Desde hace algún tiempo, la libertad religiosa es un tema recurrente en los medios de comunicación, en los escritos del mundo universitario y en declaraciones de gente dedicada profesionalmente a la política. No es infrecuente que el tema se aborde con superficialidad y apasionamiento. Más aún, que se viertan juicios claramente erróneos.
Por ejemplo, se dice sin el menor empacho que cada uno es libre de profesar la religión que prefiera o no profesar ninguna. Pero se añade de inmediato que el ejercicio de esa profesión religiosa ha de realizarse en el ámbito de la propia conciencia, y que en modo alguno puede llevarse a la esfera de los diversos campos y actividades profesionales y sociales. Actuar en la vida pública conforme a los postulados de una determinada fe religiosa pondría en peligro la vida democrática de la sociedad y quebraría la neutralidad propia de un estado aconfesional y laico.

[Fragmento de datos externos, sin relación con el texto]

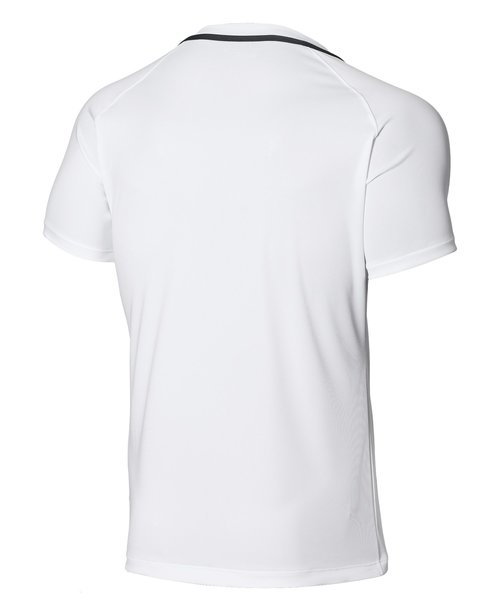 UA`[ TbJ[ W[W[ V[gX[u TVciTbJ[/MENj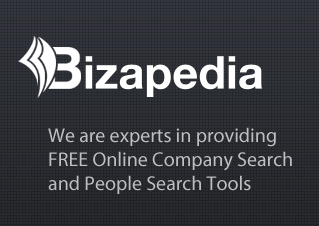 Bacco Imports LLC in Fort Collins, CO - Reviews - Bizapedia Profile
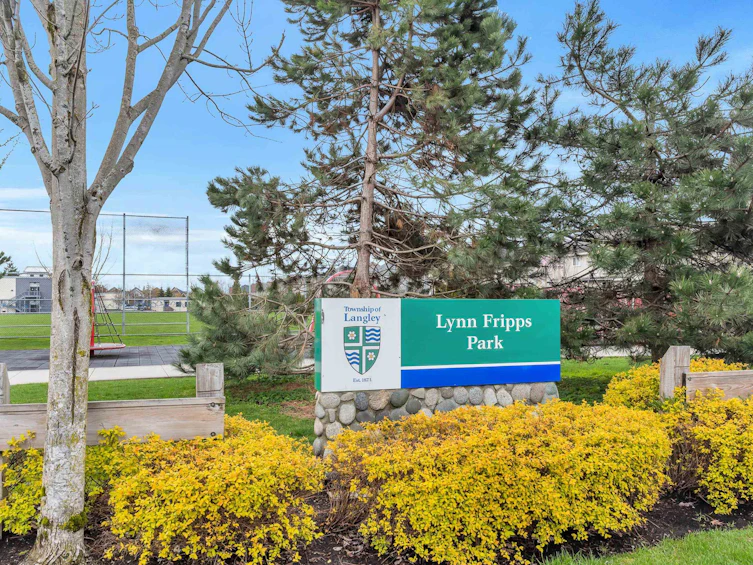 62-8250 209b Street, Langley, BC, V2Y 0J7 - 34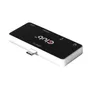Club 3D CSV-1591 USB-C® 4-in-1 Hub / HDMI™ 4K60Hz USB-C® PD / USB A / Audio Jack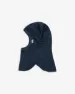Viking Play Merino Balaclava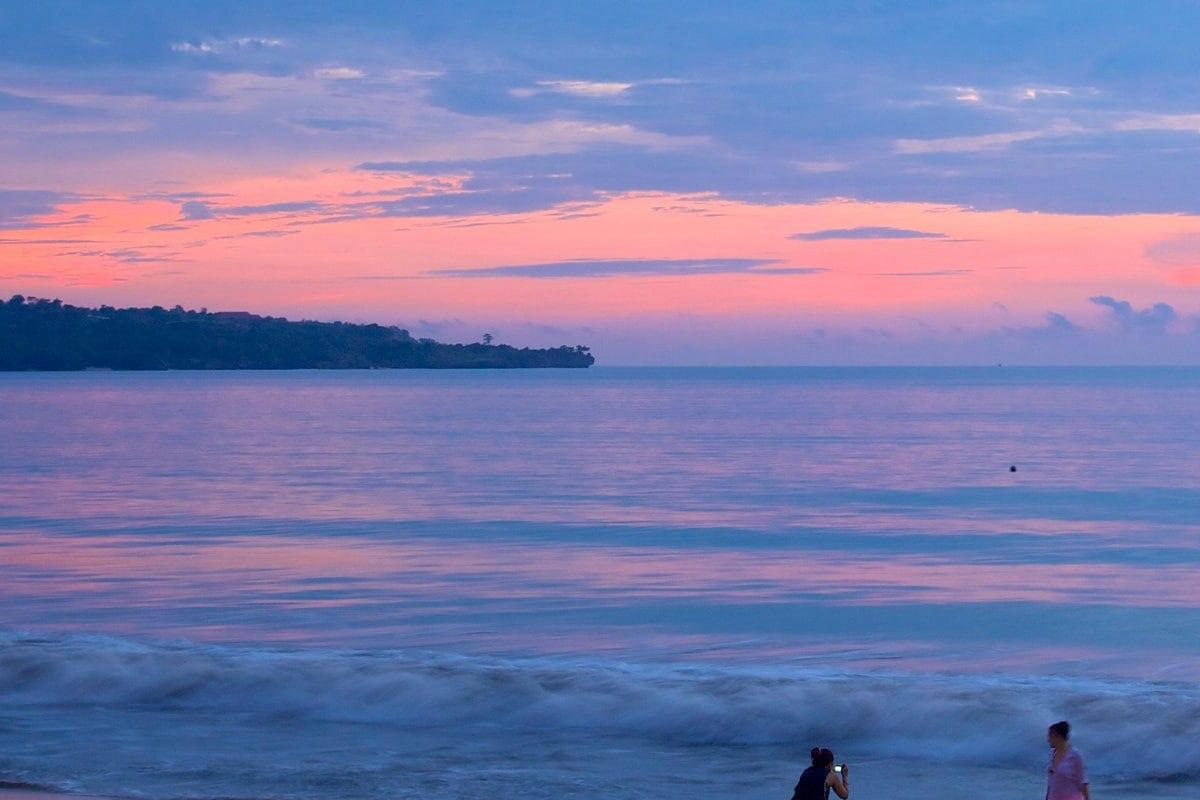 Tour Đảo Ngọc Bali - Bay thẳng (4 ngày) - Từ Hà Nội - Ảnh 5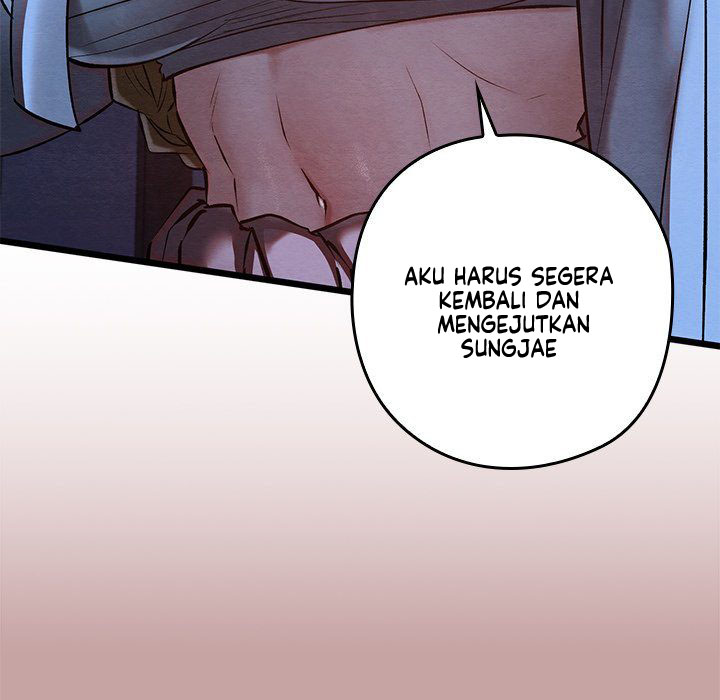 Principles and Practices of Lovemaking - Chapter 35 59 Principles and Practices of Lovemaking - Chapter 35 59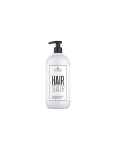 Schwarzkopf Professional Hair Sealer (ph- Neutral izing Treatment) 750 ml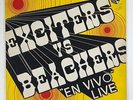 Exciters vs. Beachers 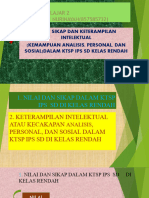 MODUL 2 KB 2 IPS DI SD LAELI NURINAYAH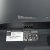 Монитор Acer V226HQLBbd — фото 8 / 8
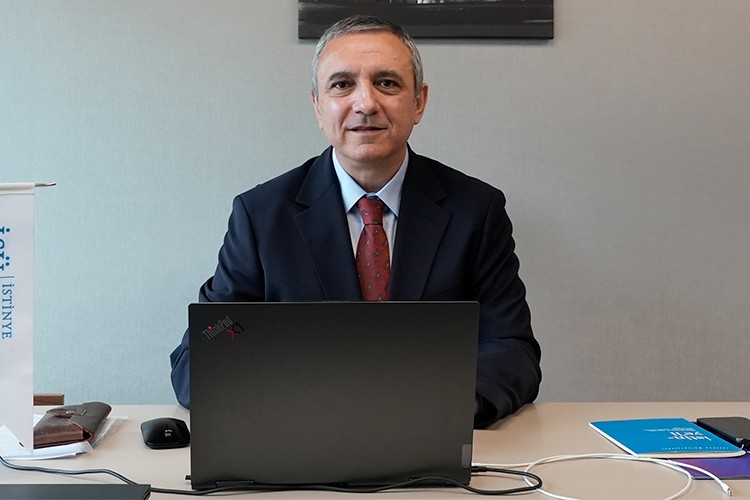 Geri dönüşü olmayan bir krizle karşı karşıya kalabiliriz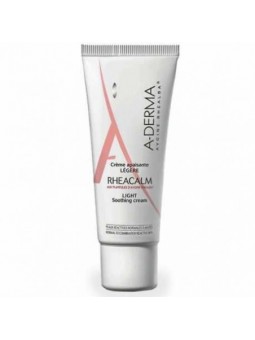 A-derma Rheacalm Emulsión...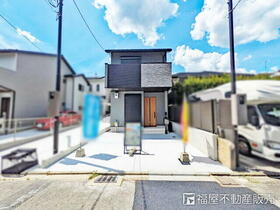 京都府京都市北区大宮東脇台町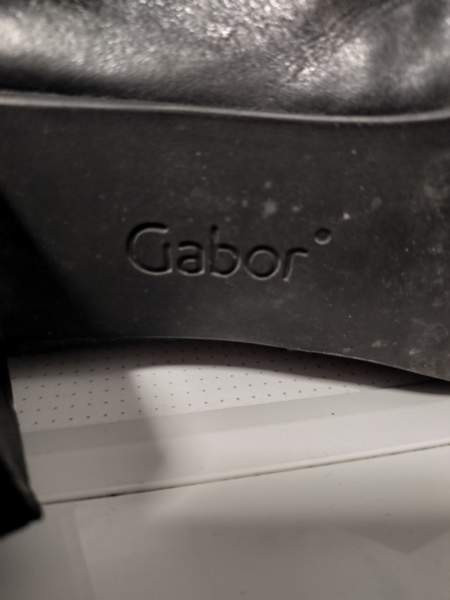 Gaborin saapikkaat 7 Турку - изображение 6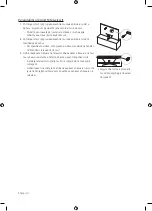 Preview for 230 page of Samsung Crystal UHD TU8002 User Manual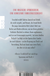 Zusatzmaterial 9783499020155 U4 von Katzenberge von Sabrina Janesch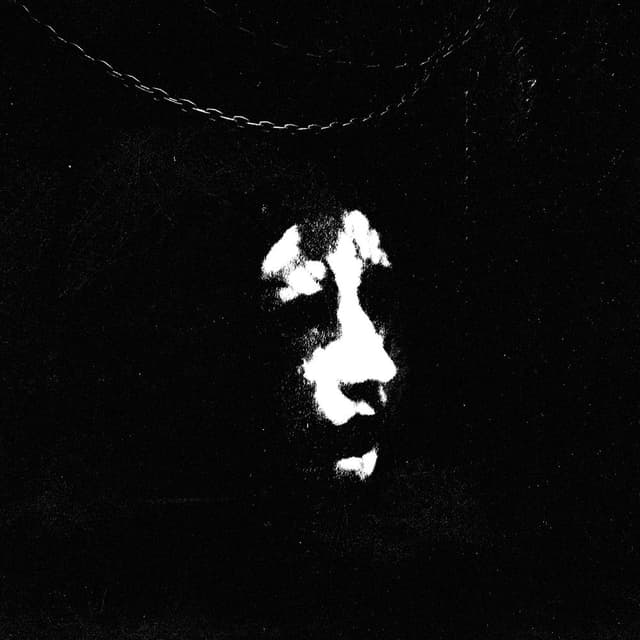 Drachenblut cover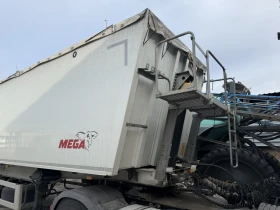  Mega 55. | Mobile.bg    4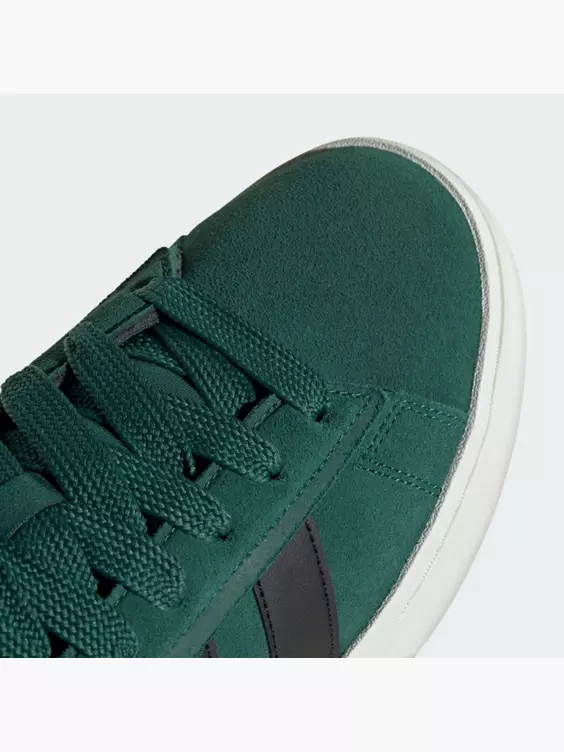 adidas Grand Court Alpha Schuh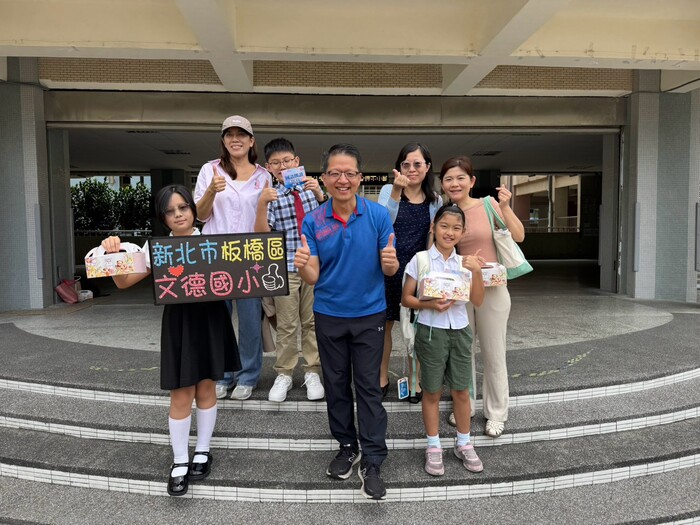 板土區語文競賽合照2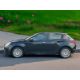 2013 ALFA ROMEO GIULIETTA TURISMO 1.6L MANUAL >>--NO VAT ON HAMMER--<< - Image 10 of 16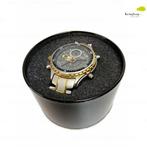 Commodoor Quartz Horloge, Sieraden, Tassen en Uiterlijk, Overige merken, Polshorloge, Ophalen of Verzenden, Zo goed als nieuw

Semejante razonamiento pone de manifiesto que se desconoce la naturaleza, los fundamentos y los ámbitos de la libertad religiosa; o -lo cual sería mucho más grave-que se conocen, pero que no se quieren reconocer. El desconocimiento es aún mayor cuando se aborda el papel que le corresponde al Estado en la regulación de la libertad religiosa y cuál es el campo y nivel de actuación de la autoridad civil.
El Concilio Vaticano II aporta una doctrina muy clarificadora y sumamente actual en la «Declaración sobre la libertad religiosa». Allí se hacen, entre otras, estas tres afirmaciones fundamentales. Primera: la libertad religiosa es un derecho inalienable de la persona humana. Segunda: el fundamento de ese derecho es de orden racional. Tercera: el Estado debe respetar y favorecer la vida religiosa de los ciudadanos, pero no le pertenece dirigir o impedir los actos religiosos.
Respecto a la que la libertad religiosa como derecho inherente a la persona humana no puede ser más explícito: «Este Concilio declara -dice el artículo 2 de la citada Declaración- que la persona humana tiene derecho a la libertad religiosa». Libertad que «consiste en que todos los hombres deben estar inmunes de coacción, tanto por parte de personas individuales como de grupos sociales y de cualquier potestad humana». Más aún, debe estarlo «de tal manera, que en materia religiosa ni se obligue a nadie a obrar contra su conciencia ni se le impida que actúe conforme a ella, tanto en privado como en público, solo o asociado con otros, dentro de los límites debidos».
Respecto al fundamento de esta libertad, también es sumamente explícito: «El Concilio declara además que el derecho a la libertad religiosa está realmente fundado en la dignidad misma de la persona humana, tal y como se reconoce por la misma razón natural». Consiguientemente, este derecho ha de ser recogido en el ordenamiento jurídico de la sociedad, de modo que se convierta en un derecho civil.
Por último, en cuanto a la competencia del Estado respecto al ejercicio de este derecho de la persona, el Concilio no admite la mínima vacilación: «La potestad civil -cuyo fin propio es realizar el bien común- debe, ciertamente, respetar y favorecer la vida religiosa de los ciudadanos, pero está fuera de su esfera de competencia tratar de dirigir o impedir los actos religiosos».
Tiene especial importancia que el Concilio ratifique que la libertad religiosa es un derecho que conlleva la facultad de unirse a otras personas para formar con ellas comunidades religiosas con el fin de profesar y practicar su religión. Salvadas las justas exigencias del orden público, hay que asegurar que estas comunidades religiosas tengan plena libertad para profesar su fe.